» **EXERCISE AIM**
Copy each line of the listing below where the word "against" turns up.

---------- DATA FOR REVIEW

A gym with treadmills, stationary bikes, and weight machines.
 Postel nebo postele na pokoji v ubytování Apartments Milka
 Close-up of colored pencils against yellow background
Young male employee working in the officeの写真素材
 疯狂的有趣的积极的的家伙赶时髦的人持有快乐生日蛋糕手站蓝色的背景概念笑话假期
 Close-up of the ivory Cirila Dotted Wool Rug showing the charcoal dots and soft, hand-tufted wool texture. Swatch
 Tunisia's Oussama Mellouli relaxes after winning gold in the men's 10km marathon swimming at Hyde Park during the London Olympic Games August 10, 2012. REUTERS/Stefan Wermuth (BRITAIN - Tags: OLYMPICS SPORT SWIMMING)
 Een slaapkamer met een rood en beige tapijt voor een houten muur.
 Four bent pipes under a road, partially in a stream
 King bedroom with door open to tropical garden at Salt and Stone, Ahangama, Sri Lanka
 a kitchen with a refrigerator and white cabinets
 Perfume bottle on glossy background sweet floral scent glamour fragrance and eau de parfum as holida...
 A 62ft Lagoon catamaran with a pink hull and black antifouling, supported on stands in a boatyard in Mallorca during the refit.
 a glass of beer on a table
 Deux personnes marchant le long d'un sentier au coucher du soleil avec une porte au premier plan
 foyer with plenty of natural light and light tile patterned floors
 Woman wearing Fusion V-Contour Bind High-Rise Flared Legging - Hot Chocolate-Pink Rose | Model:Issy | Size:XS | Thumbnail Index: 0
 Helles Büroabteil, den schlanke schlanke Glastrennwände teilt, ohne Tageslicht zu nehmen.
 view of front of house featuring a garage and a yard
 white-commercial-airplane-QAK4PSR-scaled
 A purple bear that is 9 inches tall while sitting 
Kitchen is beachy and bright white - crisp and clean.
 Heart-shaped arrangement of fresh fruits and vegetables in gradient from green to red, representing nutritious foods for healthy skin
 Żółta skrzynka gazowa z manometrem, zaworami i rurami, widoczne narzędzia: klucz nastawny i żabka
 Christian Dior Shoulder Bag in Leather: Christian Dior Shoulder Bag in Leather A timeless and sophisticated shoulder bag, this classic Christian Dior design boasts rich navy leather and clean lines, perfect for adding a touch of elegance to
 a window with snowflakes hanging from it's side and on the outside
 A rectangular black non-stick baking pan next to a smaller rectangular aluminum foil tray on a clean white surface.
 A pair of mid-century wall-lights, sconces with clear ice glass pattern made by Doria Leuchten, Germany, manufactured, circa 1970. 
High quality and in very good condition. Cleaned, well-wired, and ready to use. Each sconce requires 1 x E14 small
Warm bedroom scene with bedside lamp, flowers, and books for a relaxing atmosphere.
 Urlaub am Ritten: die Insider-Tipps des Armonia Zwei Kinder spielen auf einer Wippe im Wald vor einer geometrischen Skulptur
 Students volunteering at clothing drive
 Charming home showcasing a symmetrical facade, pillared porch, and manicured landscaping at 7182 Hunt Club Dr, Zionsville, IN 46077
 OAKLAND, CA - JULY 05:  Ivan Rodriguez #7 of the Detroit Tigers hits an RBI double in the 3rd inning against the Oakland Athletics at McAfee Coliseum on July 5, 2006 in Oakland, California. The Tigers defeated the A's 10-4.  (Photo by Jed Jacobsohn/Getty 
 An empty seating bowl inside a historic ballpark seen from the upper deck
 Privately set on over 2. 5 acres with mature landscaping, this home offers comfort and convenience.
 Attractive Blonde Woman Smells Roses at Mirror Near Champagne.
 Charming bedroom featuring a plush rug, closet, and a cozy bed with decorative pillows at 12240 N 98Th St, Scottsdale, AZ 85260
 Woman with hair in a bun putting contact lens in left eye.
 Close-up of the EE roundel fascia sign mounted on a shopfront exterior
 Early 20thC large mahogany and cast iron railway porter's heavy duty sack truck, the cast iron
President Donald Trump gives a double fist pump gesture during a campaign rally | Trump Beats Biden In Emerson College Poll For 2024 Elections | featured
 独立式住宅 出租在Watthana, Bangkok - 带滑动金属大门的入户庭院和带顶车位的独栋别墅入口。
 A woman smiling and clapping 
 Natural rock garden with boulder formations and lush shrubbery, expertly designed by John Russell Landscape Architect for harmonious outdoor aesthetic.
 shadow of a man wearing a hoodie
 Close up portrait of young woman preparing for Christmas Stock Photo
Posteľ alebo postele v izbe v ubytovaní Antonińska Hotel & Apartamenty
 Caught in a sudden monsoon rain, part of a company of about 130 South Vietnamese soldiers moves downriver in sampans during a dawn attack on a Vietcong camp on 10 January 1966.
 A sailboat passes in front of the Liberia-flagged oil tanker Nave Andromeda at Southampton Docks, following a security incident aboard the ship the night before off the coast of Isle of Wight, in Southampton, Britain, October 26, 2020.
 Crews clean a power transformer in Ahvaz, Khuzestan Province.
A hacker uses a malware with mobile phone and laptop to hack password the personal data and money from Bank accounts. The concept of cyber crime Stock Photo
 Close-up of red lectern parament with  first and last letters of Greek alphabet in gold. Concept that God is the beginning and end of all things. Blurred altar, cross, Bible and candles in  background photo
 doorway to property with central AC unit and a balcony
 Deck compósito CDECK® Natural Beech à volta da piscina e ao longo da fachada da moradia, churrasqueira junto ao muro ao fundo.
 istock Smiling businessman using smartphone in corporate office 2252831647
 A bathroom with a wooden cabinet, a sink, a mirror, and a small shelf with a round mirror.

--------------------

» **ANSWER FOR THE TASK**
 Close-up of colored pencils against yellow background
 OAKLAND, CA - JULY 05:  Ivan Rodriguez #7 of the Detroit Tigers hits an RBI double in the 3rd inning against the Oakland Athletics at McAfee Coliseum on July 5, 2006 in Oakland, California. The Tigers defeated the A's 10-4.  (Photo by Jed Jacobsohn/Getty 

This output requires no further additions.